By Jennifer Kerns, Editor-in-Chief & Publisher | All-American News
Sen. Richard Shelby announced today he will not run for re-election in 2022 — setting off a contagion of speculation about whom will fill the coveted Southern U.S. Senate seat.
All-American News is in the great state of Alabama this week, reporting from the front lines.
Shelby himself has an “All-American” story that crosses party lines — he came into office as a Democrat, then converted to the Republican Party during the 1994 “Contract with America” after Republicans swept the house. Shelby felt that Republican proposals better helped Alabamians.
In his departure, one of his colleagues across the aisle, top Democrat Sen. Patrick Leary (D-VT) called Shelby “a true statesman.”
So, who could possibly fill the shoes of elder statesmen Shelby?
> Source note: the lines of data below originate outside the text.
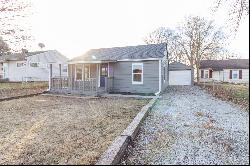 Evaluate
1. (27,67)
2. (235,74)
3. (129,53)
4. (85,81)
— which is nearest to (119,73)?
(129,53)

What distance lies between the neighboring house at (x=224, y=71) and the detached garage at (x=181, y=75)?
1320 cm

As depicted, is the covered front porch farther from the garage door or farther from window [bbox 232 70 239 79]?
window [bbox 232 70 239 79]

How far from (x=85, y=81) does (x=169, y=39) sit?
31558mm

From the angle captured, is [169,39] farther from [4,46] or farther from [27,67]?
[4,46]

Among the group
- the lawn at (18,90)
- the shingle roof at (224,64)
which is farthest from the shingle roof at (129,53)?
the shingle roof at (224,64)

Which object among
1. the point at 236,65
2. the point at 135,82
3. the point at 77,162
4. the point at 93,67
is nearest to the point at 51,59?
the point at 93,67

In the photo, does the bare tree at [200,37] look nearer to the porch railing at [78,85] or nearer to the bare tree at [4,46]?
the porch railing at [78,85]

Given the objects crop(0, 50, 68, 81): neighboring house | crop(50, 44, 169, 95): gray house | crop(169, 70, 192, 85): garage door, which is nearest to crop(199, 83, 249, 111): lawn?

Rep. Mo Brooks admitted today in a statement that he is considering throwing his hat into the ring. Other contenders could include Alabama Secretary of State John Merrill and Rep. Gary Palmer, who sat out of the race for the seat that former Auburn coach and now-Senator Tommy Tuberville ultimately won.
The political prognosis?
Alabama is a solidly red state, where Tuberville won handily over incumbent Sen. Doug Jones, a Democrat, in November by 20 points. However, other candidates won’t be able to rely upon the pent-up political capital that a Southern college football coach automatically brings to a race.
Furthermore, the Alabama seat flipped from Republican (Jeff Sessions) to Democrat (Jones) back to Republican (Tuberville) in just four years — which DOES fit the bill as a swing seat.
And without the same-party President Trump to fly in on Air Force One to hold high-profile campaign rallies with crowds of 30,000 to energize the base, Alabama Republicans are going to have to get creative about how to get Alabamians engaged — so the race doesn’t go the way of the recent two Georgia Senate seats that went to hard-left Democrats.
One thing is for certain — Shelby was quite vocal in the race between Sen. Doug Jones and Roy Moore, and he will undoubtedly be vocal in the picking of his successor.